AI is Reshaping What Firms Want

After near 30 years of placing actuaries and pension professionals, I've developed a pretty good nose for industry shifts. But the changes I'm seeing now with AI? They're unprecedented.


Last month, a longstanding client called to adjust a search I was about to start for them. "David," they said, "that Head of Valuation role we discussed? We need to rewrite it completely. We don't just need someone who can run the models anymore—we need someone who can tell us which models to trust and why."


This conversation isn't unique. It's happening across my client base.


What firms are really looking for now?

Let me be direct: the skills that guaranteed a successful actuarial career for the past three decades are no longer sufficient. The market is transforming before our eyes.


When I started in this business in the early 90s, technical mastery of actuarial science was the golden ticket. Now? It's necessary but nowhere near enough.


My most successful placements over the past 18 months have all demonstrated something beyond technical excellence. They bring:


  • Technological discernment – not just using AI tools but knowing their limitations.


  • Business translation skills – explaining complex actuarial concepts to non-technical executives.


  • Strategic insight – moving beyond calculation to consultation.
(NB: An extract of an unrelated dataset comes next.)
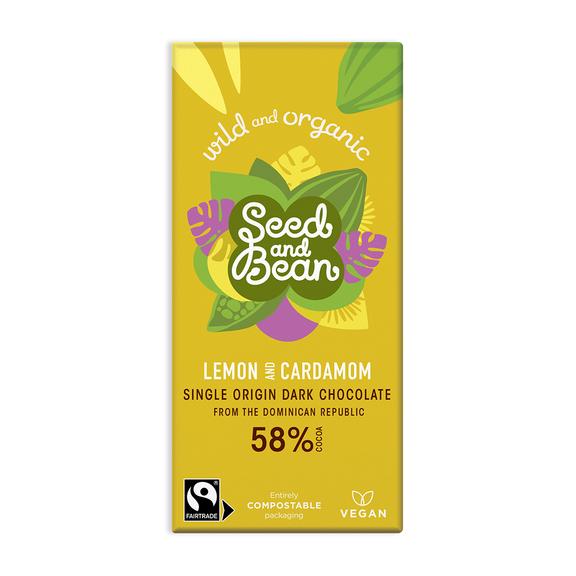 Lemon and Cardamom Vegan Chocolate Buy at Out of the Box Gifts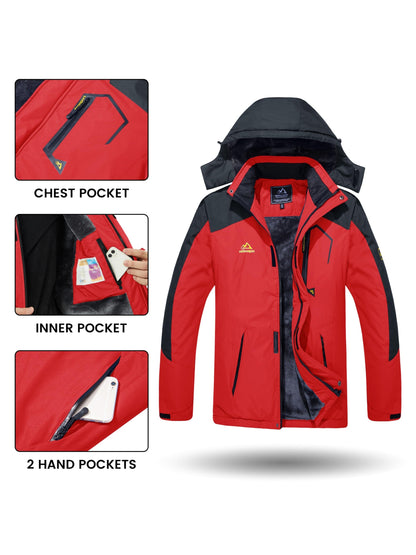 Men's Winter Warm Jackets Fleece Lined Coats Hooded Thermal Outdoor Thick Jacket Heavy Sport Hiking Jogging Camping Fishing Climbing Traveling Skiing Snowboarding Casual Parka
One insurance CEO put it bluntly during a search intake call: "David, I don't need more people to feed data into systems. I need people who can tell me what the output actually means for our business."


The Mid-Career Squeeze


If there's one group I'm genuinely concerned about, it's mid-career actuaries with 10-15 years of experience. Many built their careers on technical expertise that's increasingly being automated.
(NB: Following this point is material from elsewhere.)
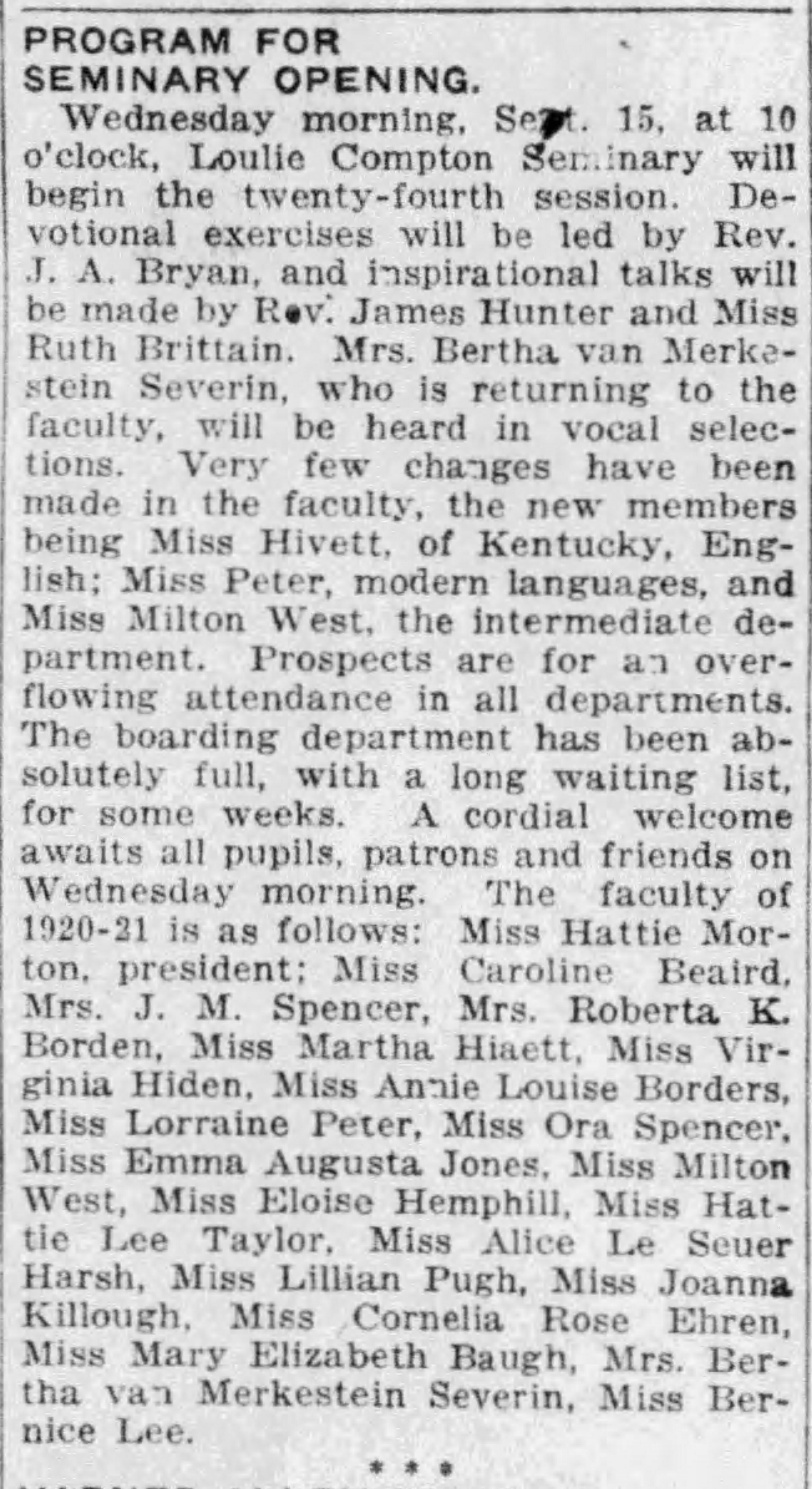 Program for Seminary Opening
Last quarter, I had several highly qualified candidates in this bracket who I struggled to shortlist for any of my live projects. All had impeccable technical credentials. All had been caught flat-footed by how quickly the market shifted.


I suggested they should reposition themselves for other roles by highlighting projects where they had influenced business decisions, not just provided the calculations behind them.


The Surprising Winners


Here's something that might surprise you: some of the most sought-after candidates I am aware of aren't the ones with the most designations after their names.
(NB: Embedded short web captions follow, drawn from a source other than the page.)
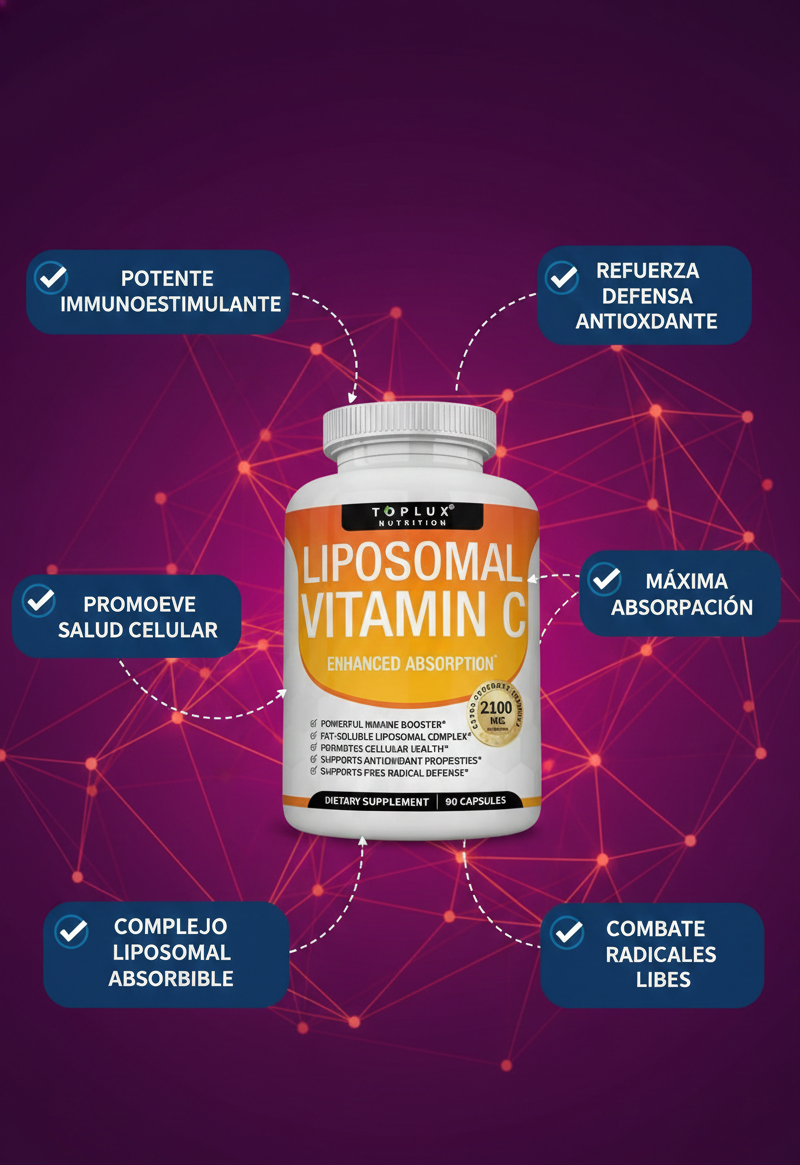 Liposomal Vitamina C Por 90 Cap: Refuerza tu sistema inmune diario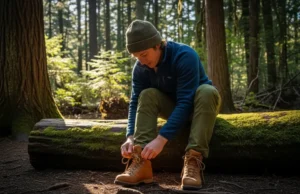 Break In Hiking Boots: Step-by-Step Zero-Blister Guide A hiker wearing full hiking gear sits on a fallen log at a trailhead, carefully lacing up a new pair of hiking boots.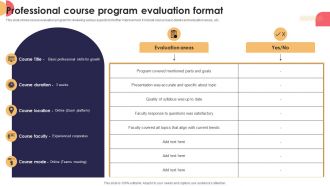 Professional Course Program Evaluation Format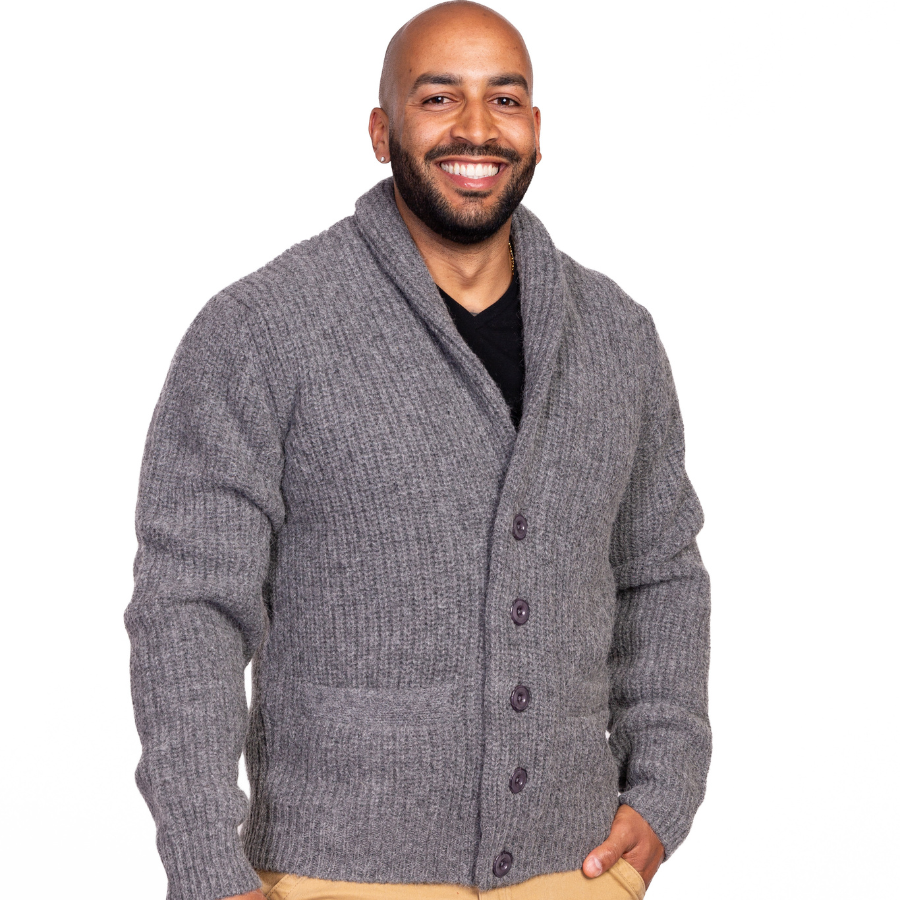 Classic Ribbed Knit Alpaca Cardigan | Alpacas of Montana
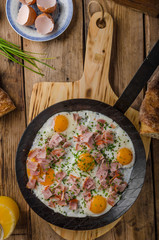Ham and egg omelet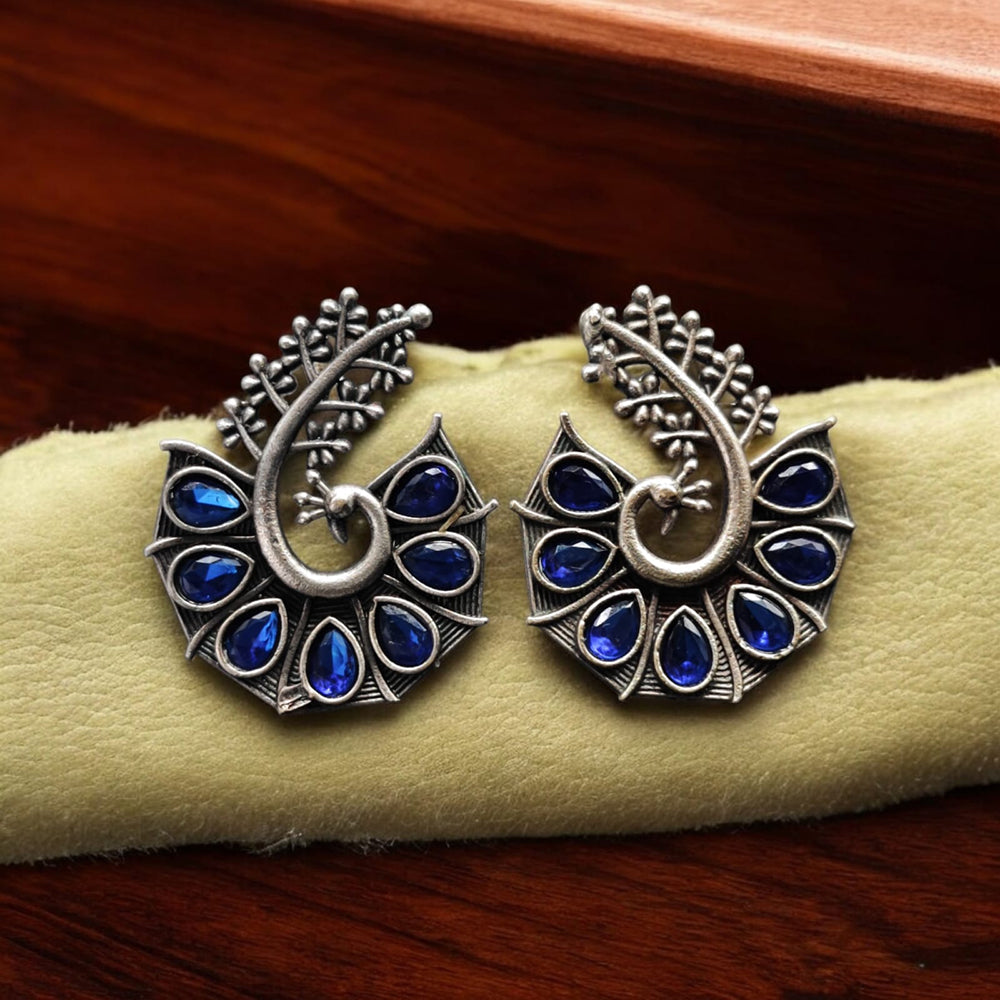 Maharani Jewels Oxidised Plated Pota Stone Studs Earrings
I recently placed a Fellow with just six years of experience into a role that would typically require 12+ years, simply because she had led an AI implementation project and could speak the language of both actuarial science and data science.


Another candidate, who had taken a two-year detour into a customer-facing role that many considered a career misstep, is now being fought over by three firms precisely because of his communication skills and business understanding.


The New Career Playbook


Based on what I'm seeing in successful placements, here's my advice for actuarial professionals at any career stage:


  1. Get hands-on with AI tools – Not to become a developer, but to understand their real capabilities and limitations.


  2. Build your business acumen – Volunteer for projects that expose you to the commercial side of decisions.


  3. Develop a specialization beyond calculation – Whether it's communication, change management, or regulatory insight.


  4. Document your judgment calls – Keep track of times when your professional intuition caught something the models missed.


What About Entry-Level?


I get this question constantly from worried parents and students: "Is it still worth pursuing an actuarial career with AI taking over?"


My answer is yes, but with caveats. The traditional entry path of endless exam-taking while doing rote calculations is narrowing. The new path requires earlier business exposure and greater technological adaptability.


Several forward-thinking firms have revamped their graduate programs. One major consultancy has created a dual-track system where new actuaries rotate between traditional teams and their innovation lab, explicitly to build this hybrid skill set.


The Hiring Reality


Let me share some hard numbers from my own business:


  • Searches for traditional actuarial roles with primarily technical requirements are down 44% over the past two years.


  • Searches for hybrid roles requiring actuarial knowledge plus data science or business skills are up 92%.


  • The average time-to-fill for specialist AI-savvy actuaries has increased from 7 weeks to 16 weeks due to demand.

 

The firms that still view actuarial talent as purely technical resources are finding themselves with increasingly sophisticated tools but insufficient human capability to leverage them strategically.


A Word on Compensation


Follow the money, as they say. The salary premiums I'm seeing for actuaries who can bridge the technical-strategic divide are substantial, often 40-50% above their technically focused peers at the same experience level.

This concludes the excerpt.